Captioned web image data:
--------------------

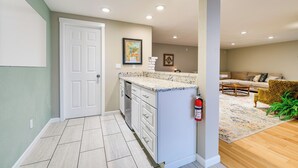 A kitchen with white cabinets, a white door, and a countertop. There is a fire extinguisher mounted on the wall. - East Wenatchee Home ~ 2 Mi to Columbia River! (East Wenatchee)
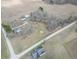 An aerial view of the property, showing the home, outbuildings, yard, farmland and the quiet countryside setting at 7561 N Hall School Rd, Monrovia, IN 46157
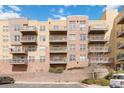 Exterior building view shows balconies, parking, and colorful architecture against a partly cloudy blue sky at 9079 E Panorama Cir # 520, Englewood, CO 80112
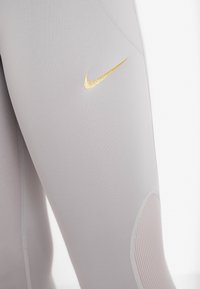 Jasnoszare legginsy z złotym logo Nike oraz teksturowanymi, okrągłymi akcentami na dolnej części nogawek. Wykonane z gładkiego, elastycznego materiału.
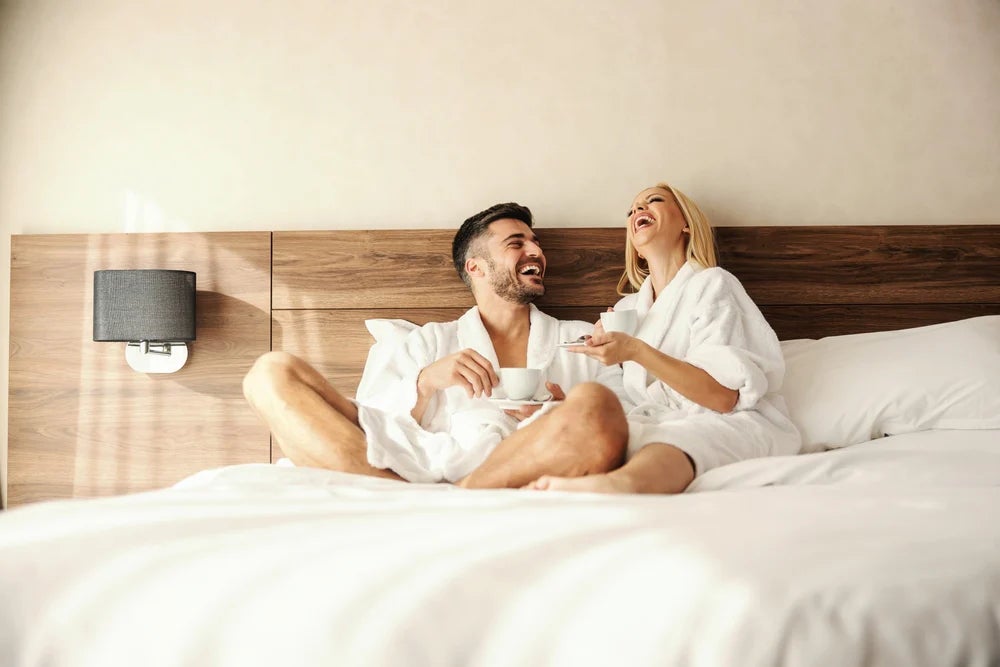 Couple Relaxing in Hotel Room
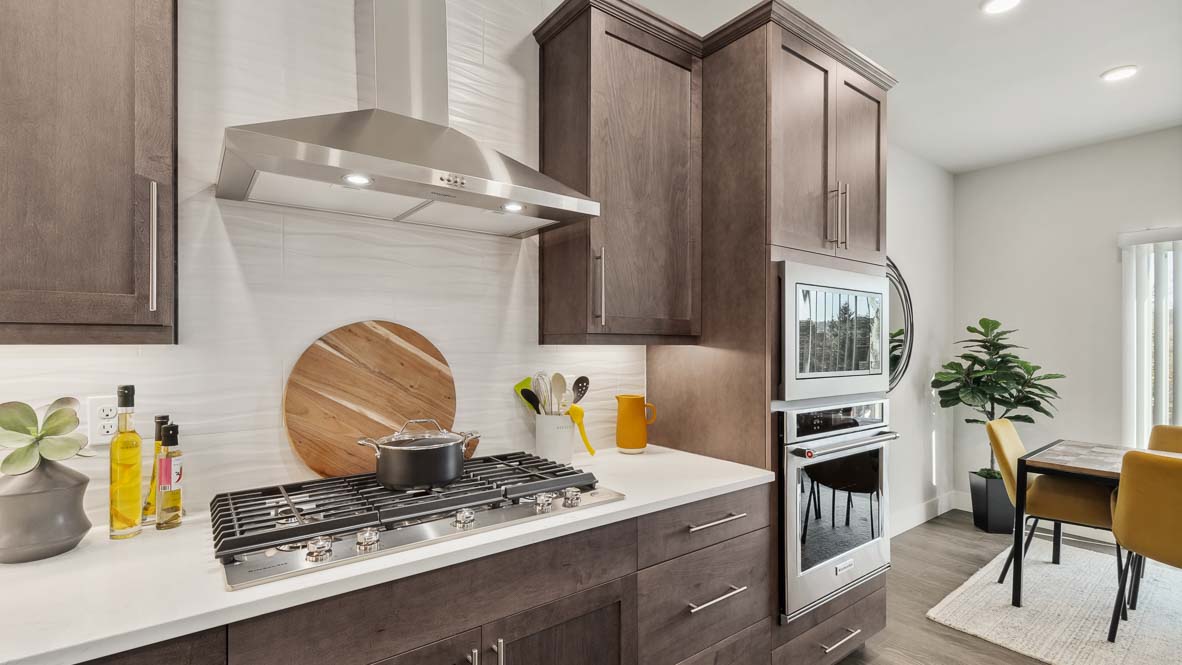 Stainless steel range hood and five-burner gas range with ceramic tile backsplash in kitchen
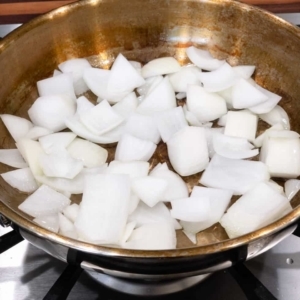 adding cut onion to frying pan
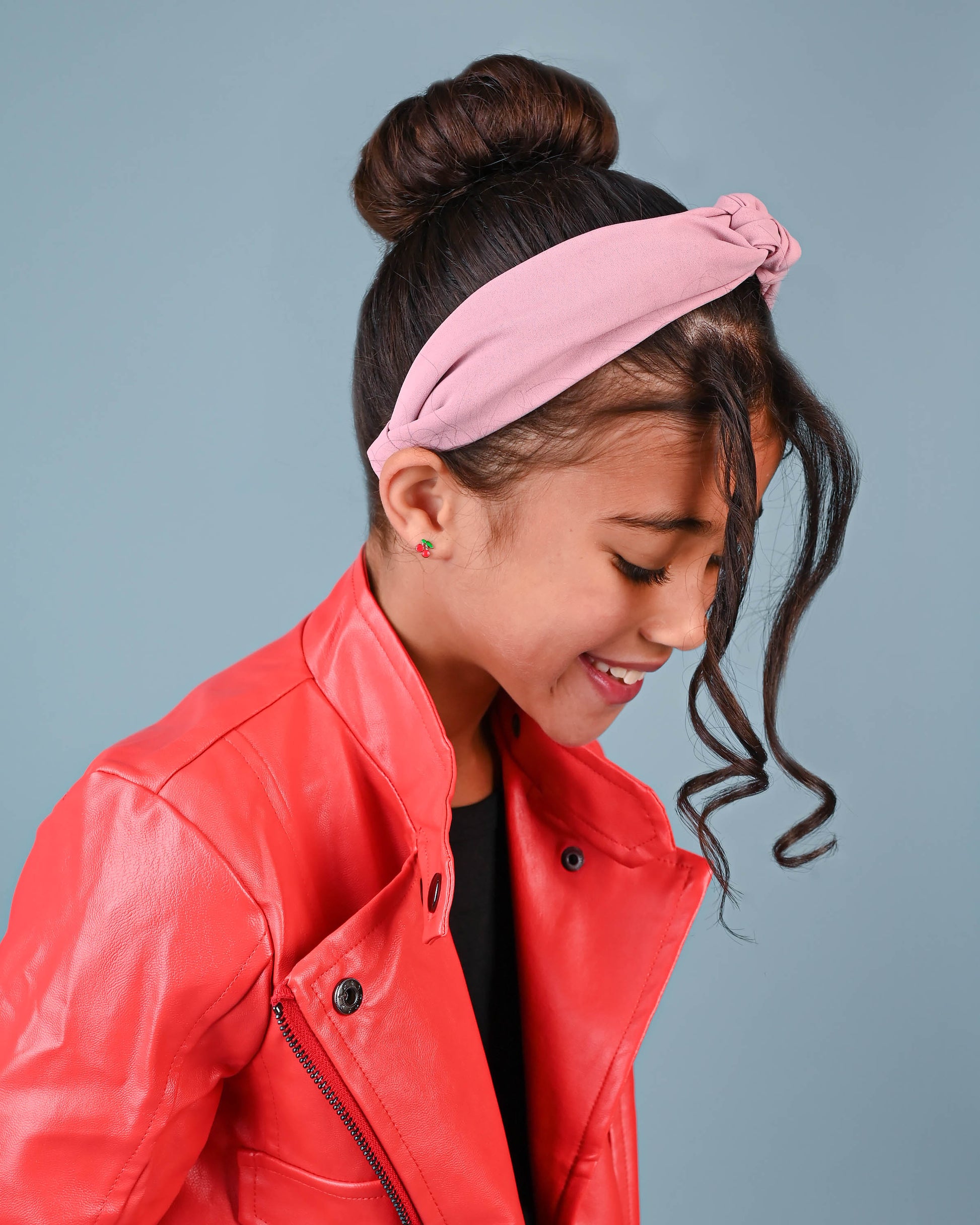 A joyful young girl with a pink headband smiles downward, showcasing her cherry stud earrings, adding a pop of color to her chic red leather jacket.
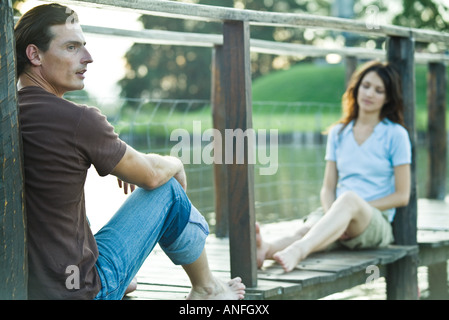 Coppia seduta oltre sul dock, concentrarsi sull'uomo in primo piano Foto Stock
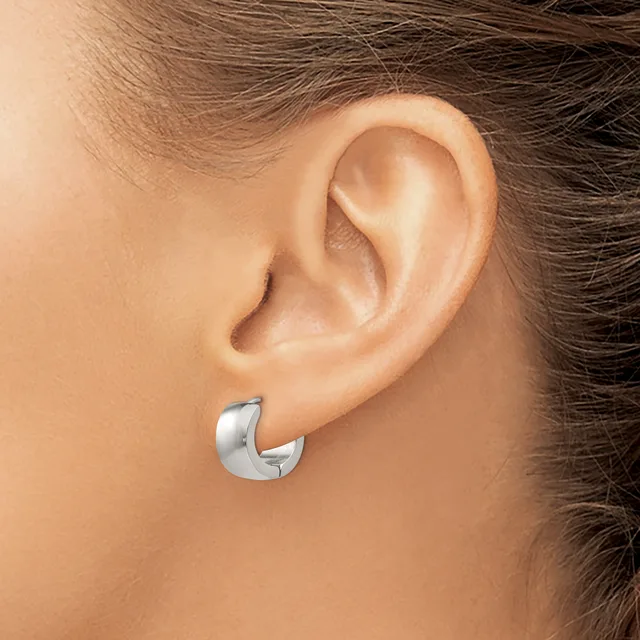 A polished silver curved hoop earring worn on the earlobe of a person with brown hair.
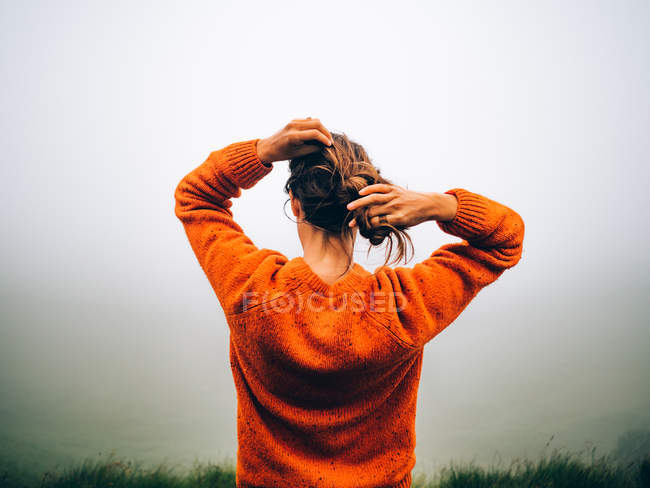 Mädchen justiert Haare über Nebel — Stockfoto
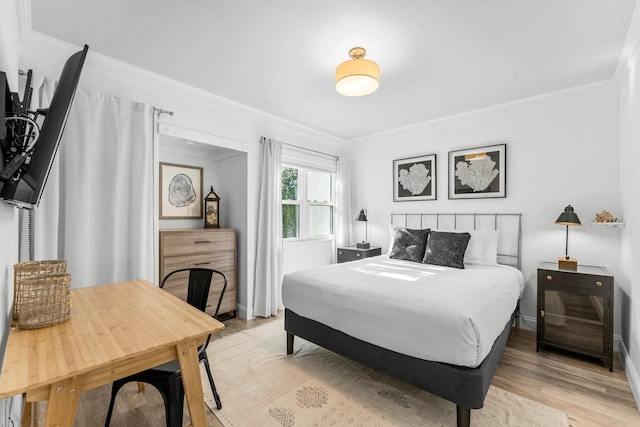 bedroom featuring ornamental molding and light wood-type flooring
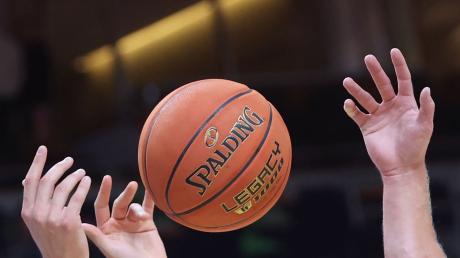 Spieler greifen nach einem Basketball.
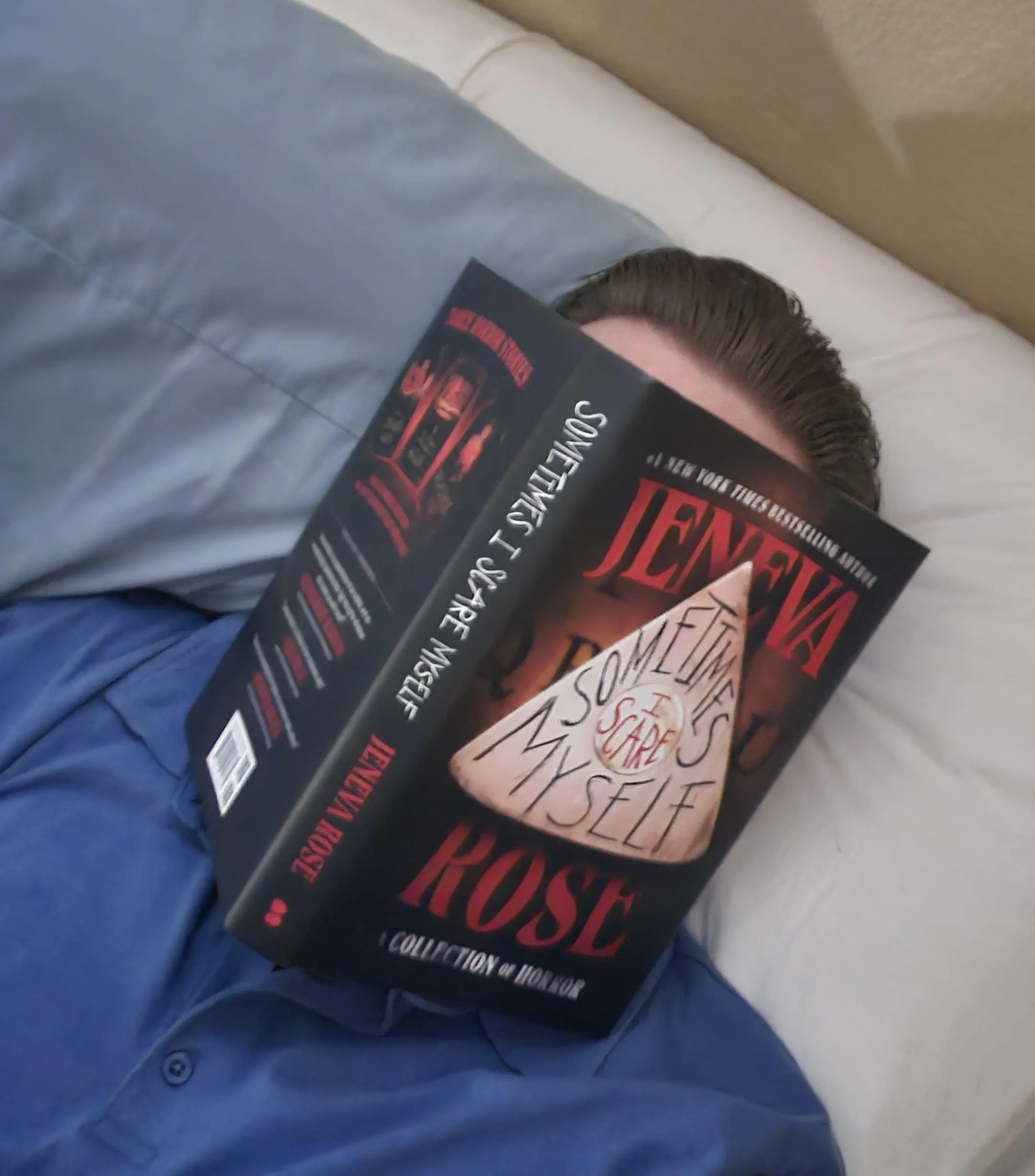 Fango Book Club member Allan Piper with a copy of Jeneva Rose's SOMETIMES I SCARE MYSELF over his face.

--------------------

_Work order_
Repeat all entries exactly. Skip the pictures.

_Result of this task_
 A kitchen with white cabinets, a white door, and a countertop. There is a fire extinguisher mounted on the wall. - East Wenatchee Home ~ 2 Mi to Columbia River! (East Wenatchee)
 An aerial view of the property, showing the home, outbuildings, yard, farmland and the quiet countryside setting at 7561 N Hall School Rd, Monrovia, IN 46157
 Exterior building view shows balconies, parking, and colorful architecture against a partly cloudy blue sky at 9079 E Panorama Cir # 520, Englewood, CO 80112
 Jasnoszare legginsy z złotym logo Nike oraz teksturowanymi, okrągłymi akcentami na dolnej części nogawek. Wykonane z gładkiego, elastycznego materiału.
 Couple Relaxing in Hotel Room
 Stainless steel range hood and five-burner gas range with ceramic tile backsplash in kitchen
 adding cut onion to frying pan
 A joyful young girl with a pink headband smiles downward, showcasing her cherry stud earrings, adding a pop of color to her chic red leather jacket.
 Coppia seduta oltre sul dock, concentrarsi sull'uomo in primo piano Foto Stock
 A polished silver curved hoop earring worn on the earlobe of a person with brown hair.
 Mädchen justiert Haare über Nebel — Stockfoto
 bedroom featuring ornamental molding and light wood-type flooring
 Spieler greifen nach einem Basketball.
 Fango Book Club member Allan Piper with a copy of Jeneva Rose's SOMETIMES I SCARE MYSELF over his face.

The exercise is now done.